In a negotiation, "the important thing is for you to be completely truthful about your situation," veteran entrepreneur Norm Brodsky has said. This is especially true when it comes to negotiating a loan or another financial arrangement. You don't want to win a particular negotiation at the expense of your credibility. The more forthright you are with the other party, the more likely you are to arrive at a satisafactory outcome. "When you're negotiating about money you owe, don't make up stories," Brodsky says. "Just tell the truth." Read more.
4. Study Up.
Remember, the more knowledge you have of a situation before going to the negotiating table, the better off you will be. There are many reasons preparing yourself with the best research will be to your advantage, but one lesser-known perk comes from psychological studies. It's called the "consistency principle," which refers to a person's intrinsic need to appear reasonable. That means your counterpart will likely abide by certain standards, and defer to your authority if you are able to demonstrate that you absolutely know what you are talking about. With greater knowledge, you will be able to set the parameters of the discussion in your favor. Read more.

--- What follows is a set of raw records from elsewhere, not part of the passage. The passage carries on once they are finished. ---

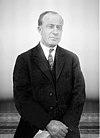 David H. Kincheloe - NPC.jpg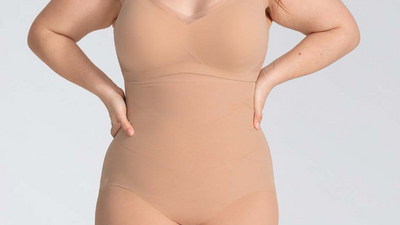 Shapewear Dos and Don'ts: Common Mistakes to Avoid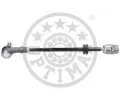 OPTIMAL Pn thlo zen OPT G0-049, G0-049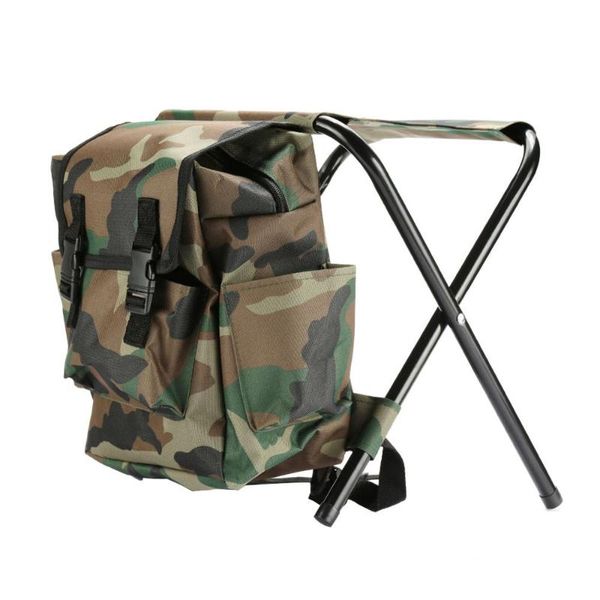 folding fishing chairs outdoor portable travel backpack chair hiking beach camping stool picnic bag hunting climbing x77g accessories
folding fishing chairs outdoor portable travel backpack chair hiking beach camping stool picnic bag hunting climbing x77g accessories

Negotiating: It's two pit bulls locked in a room and one is going to be forced to roll over. Ick. That mentality is not only outdated, but will get you nowhere. That's because, frankly, baring teeth and barking the loudest doesn't have the power it might seem to when bargaining. When dealmaking gets tense, no one ever wants to back down. In Roger Fisher and William Ury's negotiating text, Getting to Yes, the experts suggest that instead of viewing your counterpart as the adversary, you focus instead on the merits of the case and search for ways to acheive reciprocity. The idea is to "attack" the underlying issue, rather than the other negotiator. Read more.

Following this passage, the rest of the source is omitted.